▶ [THE PROBLEM]
Skipping any pictures, give all of the records below again exactly.

________________

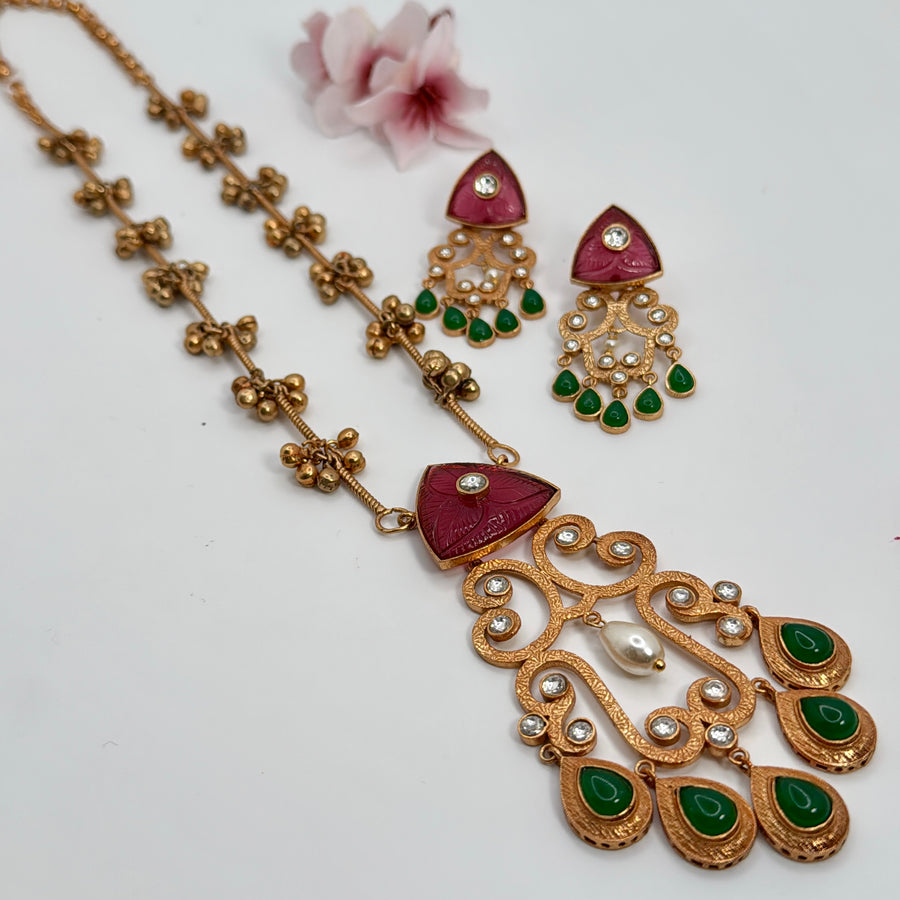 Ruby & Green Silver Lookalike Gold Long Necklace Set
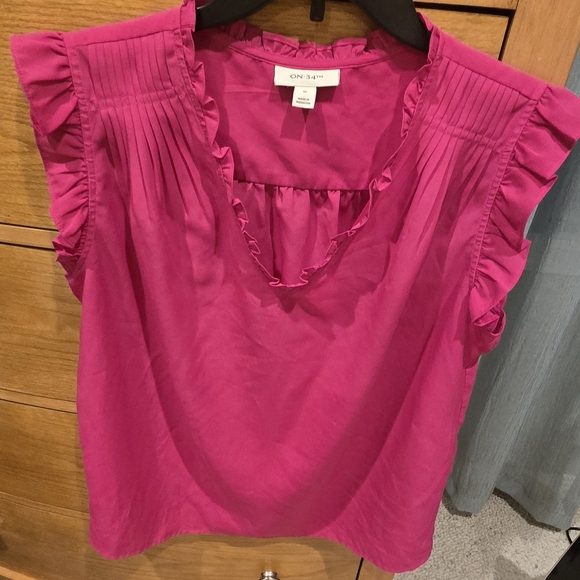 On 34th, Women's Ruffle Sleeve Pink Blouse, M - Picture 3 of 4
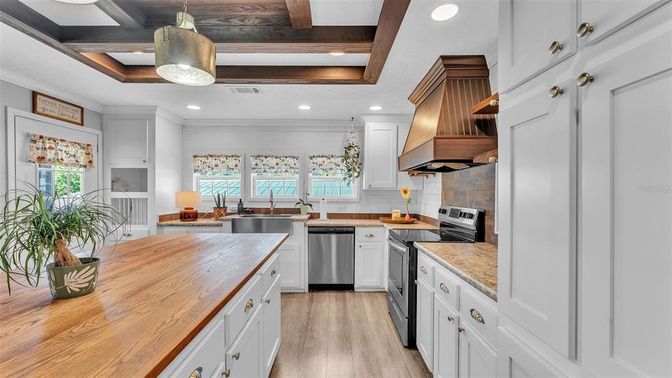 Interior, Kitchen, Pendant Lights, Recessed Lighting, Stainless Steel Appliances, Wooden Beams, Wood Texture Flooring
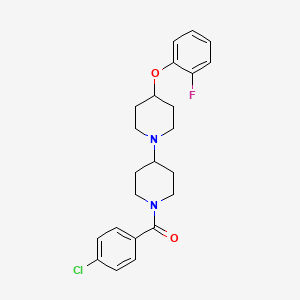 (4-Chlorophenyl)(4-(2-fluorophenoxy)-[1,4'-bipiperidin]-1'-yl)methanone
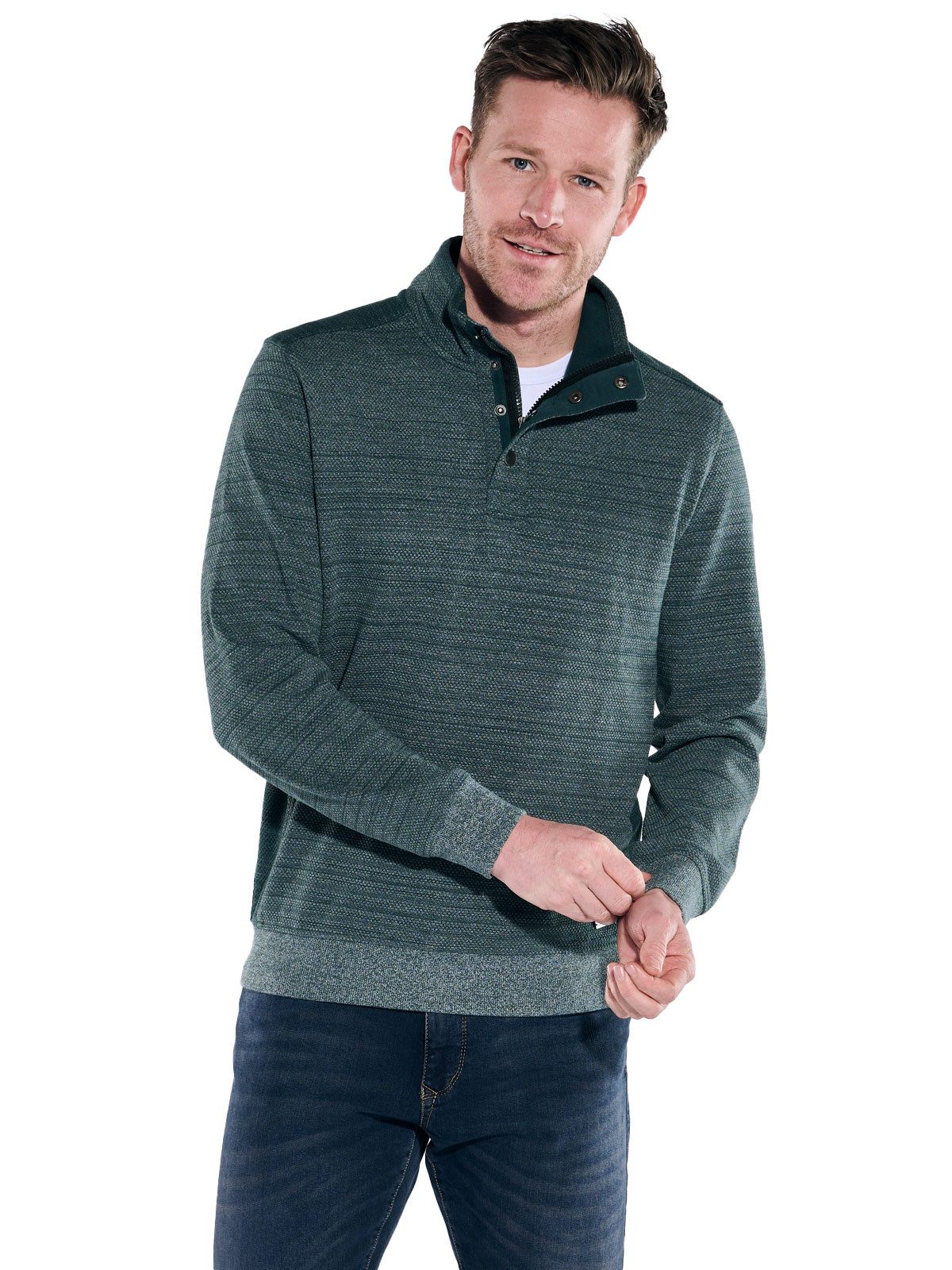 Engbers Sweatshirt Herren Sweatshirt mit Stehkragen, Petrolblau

________________

▶ [TASK SOLUTION]
 Ruby & Green Silver Lookalike Gold Long Necklace Set
 On 34th, Women's Ruffle Sleeve Pink Blouse, M - Picture 3 of 4
 Interior, Kitchen, Pendant Lights, Recessed Lighting, Stainless Steel Appliances, Wooden Beams, Wood Texture Flooring
 (4-Chlorophenyl)(4-(2-fluorophenoxy)-[1,4'-bipiperidin]-1'-yl)methanone
 Engbers Sweatshirt Herren Sweatshirt mit Stehkragen, Petrolblau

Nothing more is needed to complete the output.